Tobin's trial took place in Hungary on 7 May 2002 in Tobin's absence albeit in the presence of lawyers acting on Tobin's behalf. Statements made by Tobin after his arrest were ruled to be inadmissible on the basis that they had been translated by his lawyer's daughter. His trial took place under section 187 of the Hungarian criminal code which provides that:

(1) A person who causes grievous bodily harm to another person or persons by violating the rules of public road traffic, by negligence, commits a misdemeanour, and shall be punishable with imprisonment of up to one year, labour in the public interest, or fine.

(2) The punishment shall be

a) imprisonment of up to three years, if the crime causes enduring handicap, serious health injury or mass catastrophe,

b) imprisonment between one to five years, if the crime causes death,

c) imprisonment from two years to eight years, if the crime causes the death of more than two persons or a fatal mass catastrophe.

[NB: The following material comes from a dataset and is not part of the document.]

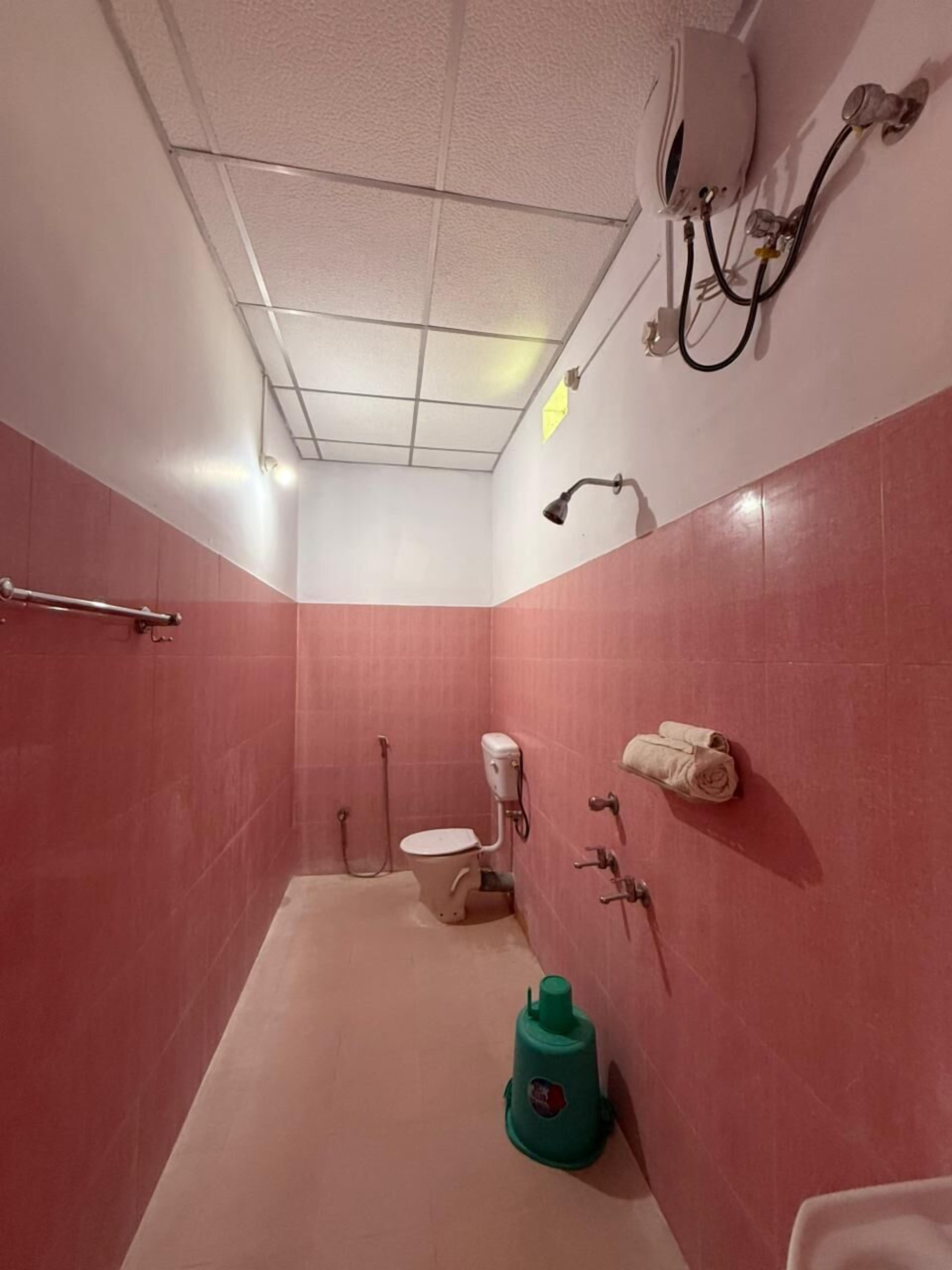 Un baño pequeño y cerrado con azulejos rosas, un inodoro, una ducha de mano, un perchero para toallas y un dispensador de agua verde.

He was convicted and sentenced to three years in prison. On appeal his sentence was amended to allow for the possibility of parole after 18 months.

==Tobin 1==
Meanwhile, Hungary joined the European Union on 1 May 2004, and transposed the European Arrest Warrant framework decision into their national law. Hungary requested the surrender of Tobin by issuing a European Arrest Warrant. However, Justice Michael Peart of the Irish High Court refused the surrender on the basis that Tobin had not "fled" Hungary as required by the Irish legislation which implemented the framework decision, since he left Hungary with the consent of the Hungarian authorities. This decision was later upheld by the Irish Supreme Court. The Irish authorities also refused the Hungarian request to make Tobin serve his time in an Irish prison, an option within the EAW framework decision but never implemented in Ireland.

Hungary, on the other hand, strongly disagreed with this interpretation of the EAW law and the word "flee". Hungary argued that anyone not returning to serve his or her sentence is fleeing from justice. Hungary kept the warrant in effect as the Irish decision has no bearing for other EU members. Hungary also explored other legal options, including turning to various EU fora, to enforce its court's decision.

==Tobin 2==
In 2009, Ireland amended its domestic EAW legislation to bring it into line with the EAW framework decision by removing the requirement that, in conviction cases, a person the subject of an EAW had "fled" the issuing country. An amendment which came into force on 29 August 2009. On 17 September 2010, Hungary issued a new European Arrest Warrant seeking Tobin's arrest and surrender. Tobin was arrested on 10 November 2009 and his surrender was ordered on 11 February 2011 by Justice Peart, the same High Court judge who had previously refused the surrender.

However, Tobin was again successful in gaining the leave of the High Court to appeal its decision. Notwithstanding this Ciaran Tobin voluntarily entered custody in Ireland on 9 November 2011 on the basis that any time spent in prison in Ireland will be deducted from any time in prison that he might ultimately spend in Hungary.

Tobin won the appeal against surrender on 19 June 2012 when the Supreme Court over-ruled the High Court on a three to two majority.

==In prison==
On 14 January 2014 Tobin voluntarily returned to Hungary to begin his prison sentence in a Hungarian jail. As a part of an agreement with the Hungarian Minister of Justice, Tibor Navracsics, on 17 January Tobin flew back to Ireland to serve the remainder of his time there. On 5 February 2014 Mr Tobin sent a letter to the family of the deceased children in which he expressed his regret and apologized. According to the lawyer of the family, the father sees it as a kind of closing of the case.